Here’s something magical from the mighty Markus Acher / Morr Music axis. Following in the footsteps of the groundbreaking Minna Miteru compilation, one of the key scene groups, Yumbo, are properly documented here on a double album set with a 28 page booklet. The Fruit Of Errata comes in an edition of 500.

Led by songwriter, pianist, and occasional vocalist Koji Shibuya, this legendary Japanese group has released four albums since forming in 1998. This compilation draws fifteen songs (eighteen on vinyl) from those albums, and some ancillary releases, to uncover a biographical narrative of Yumbo, showing how Shibuya’s songwriting, and the group’s limber, sensitive playing, has developed over the decades. It also places them squarely within a tradition of home-spun but ambitious Japanese pop that takes in Maher Shalal Hash Baz, Tenniscoats, Nagisa Ni Te, Yuzo Iwata, Kazumi Nikaido and more.

Yumbo is very much the vision of Shibuya, an amiable iconoclast whose songs seem informed by some of his early listening – there’s the playful seriousness of Maher Shalal Hash Baz’s Tori Kudo here, an avowed long-time hero for Shibuya, but also the flexibility of freely improvised music.
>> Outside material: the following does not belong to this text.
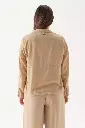 35570314_chaqueta_naomi_conjunto_beige_04_6caf5cff-d83f-4582-be8c-402cd35cd576-935e191925533152df17506876441265-1024-1024.webp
You can also hear Shibuya’s fondness for Mayo Thompson and The Red Crayola in both the idiosyncracies of the writing and the egalitarian looseness of the playing. Shibuya also carries those energies into the group’s membership – there are fantastic stories of him having a conversation at a record shop, or overhearing someone speaking, and asking the person in question to join Yumbo as one of their various singers. He seems open to chance as a driving force, as a way to make space for unexpected possibilities to blossom.

The great achievement of Yumbo and Shibuya, though, is translating all of this into beautiful, unpredictable pop songs. There’s a gorgeous soul-inflected lilt to “A House” that makes it delightfully affecting; the swaying brass on “Storm” propels its melody to a moody, dreamlike conclusion; the nakedness of “The Sweetest Mass” is slightly reminiscent of Carla Bley’s more pop-focused writing, crossed with the classicism of the songs that spilled from the Brill Building in the ‘60s. Throughout, Shibuya renders pop a deeply personal experience; you can hear musings here on friendship, family, intimacy, the complexity of relationships, mortality, and imbalances of power. These musings are also shadowed by real-life events: the effects and impact of the Great East Japan Earthquake of 2011 are captured in songs like “Umbrella People” from Onibi.

Throughout the performances on The Fruit Of Errata, Shibuya and the group play with tenderness; they also often draw on other players to flesh out the music even further, two such guests being the aforementioned Tori Kudo (on “Umbrella People”) and Olympia, Washington’s LAKE (on “The Devil Song”). Community-minded and generous in approach, the writing of Shibuya and the music of Yumbo is never less than lovely, and The Fruit Of Errata is a welcome introduction to their world. Open and gentle, confident and generous, these pop songs are filled with charm and spirit.